ACTIVITY => Could you restate the entries below word for word and leave out the pictures?

MATERIAL PROVIDED =>
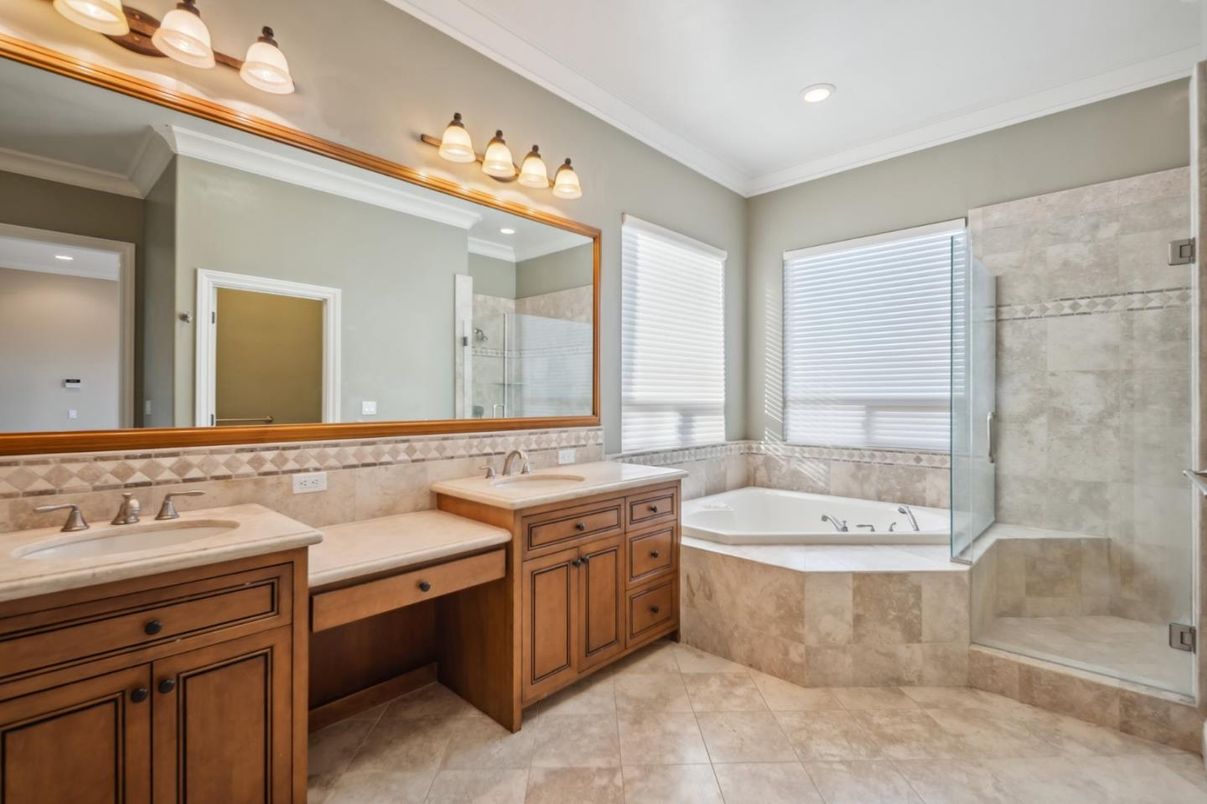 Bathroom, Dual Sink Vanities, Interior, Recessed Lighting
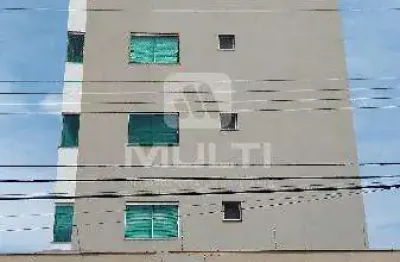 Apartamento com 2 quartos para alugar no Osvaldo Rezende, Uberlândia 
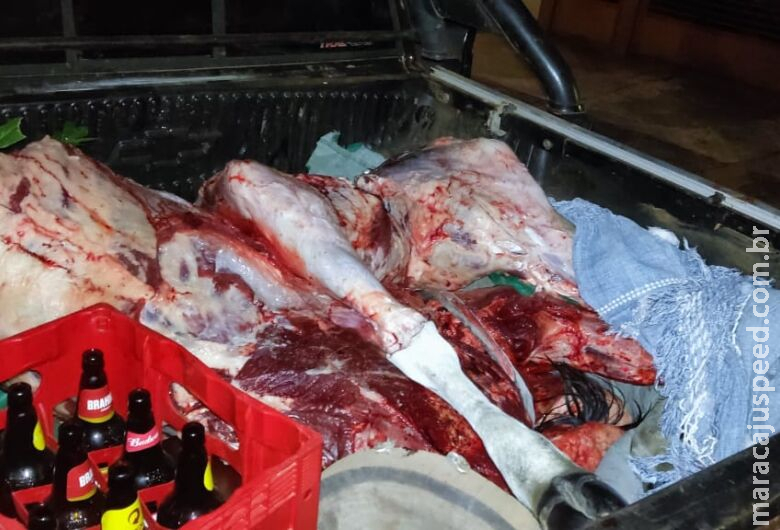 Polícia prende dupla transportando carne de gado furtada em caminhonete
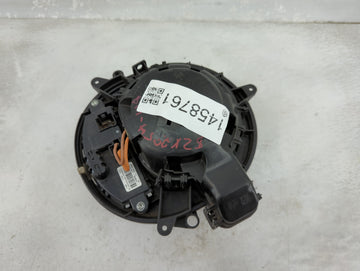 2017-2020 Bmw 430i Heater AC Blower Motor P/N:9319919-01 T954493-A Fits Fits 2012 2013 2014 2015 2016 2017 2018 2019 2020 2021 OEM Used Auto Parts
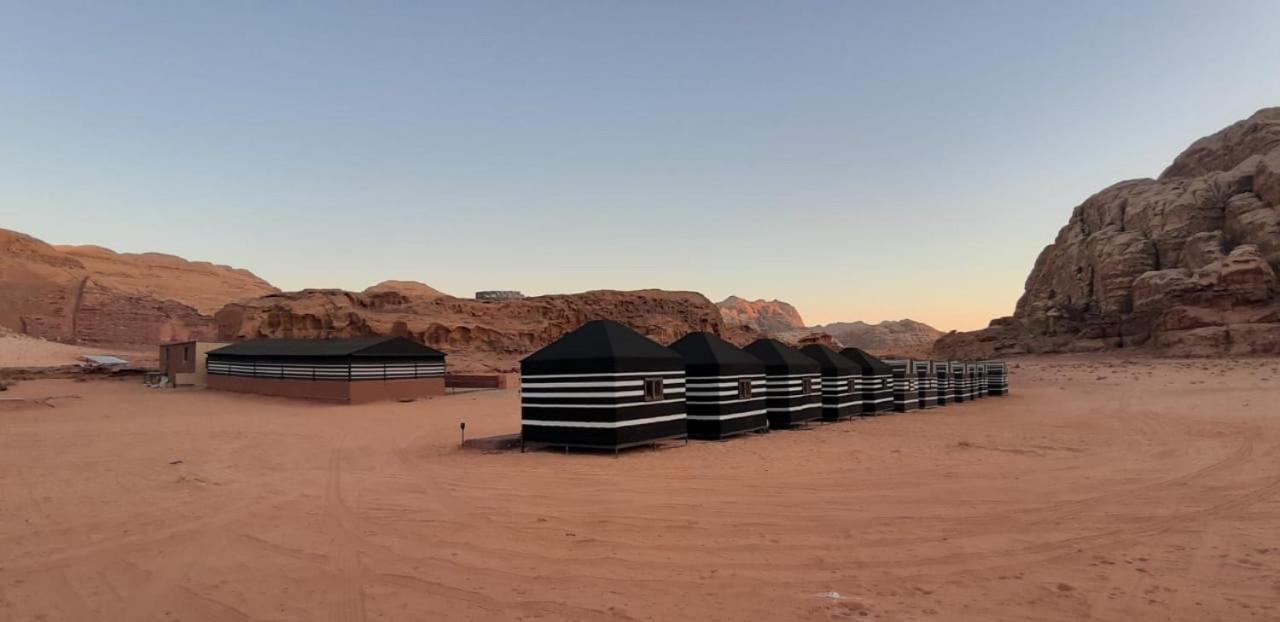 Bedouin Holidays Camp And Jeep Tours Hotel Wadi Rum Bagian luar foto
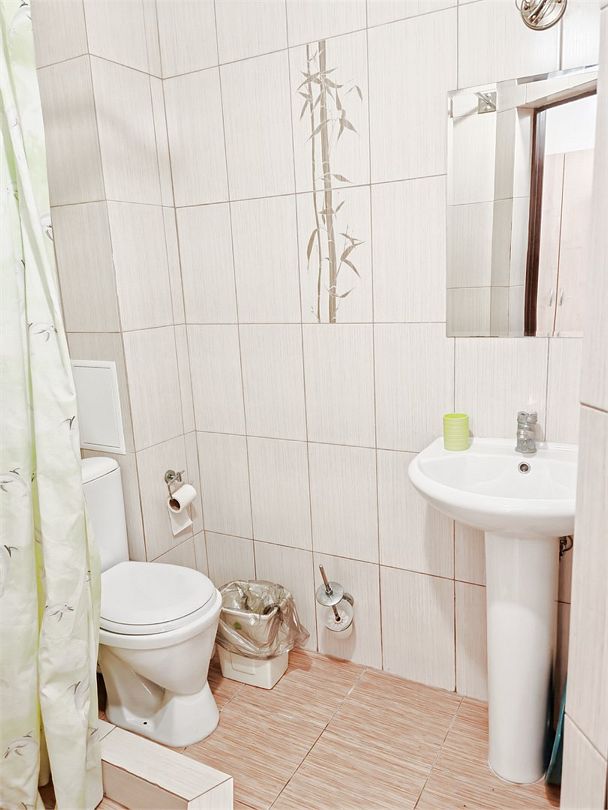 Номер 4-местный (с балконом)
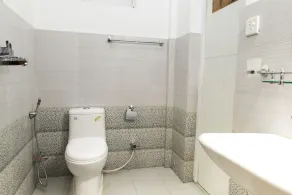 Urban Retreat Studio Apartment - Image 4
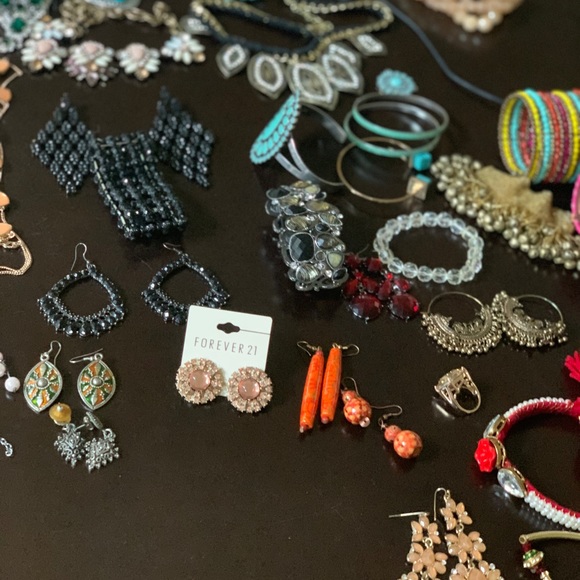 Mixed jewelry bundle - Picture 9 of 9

RESPONSE TO THIS TASK =>
 Bathroom, Dual Sink Vanities, Interior, Recessed Lighting
 Apartamento com 2 quartos para alugar no Osvaldo Rezende, Uberlândia 
 Polícia prende dupla transportando carne de gado furtada em caminhonete
 2017-2020 Bmw 430i Heater AC Blower Motor P/N:9319919-01 T954493-A Fits Fits 2012 2013 2014 2015 2016 2017 2018 2019 2020 2021 OEM Used Auto Parts
 Bedouin Holidays Camp And Jeep Tours Hotel Wadi Rum Bagian luar foto
 Номер 4-местный (с балконом)
 Urban Retreat Studio Apartment - Image 4
 Mixed jewelry bundle - Picture 9 of 9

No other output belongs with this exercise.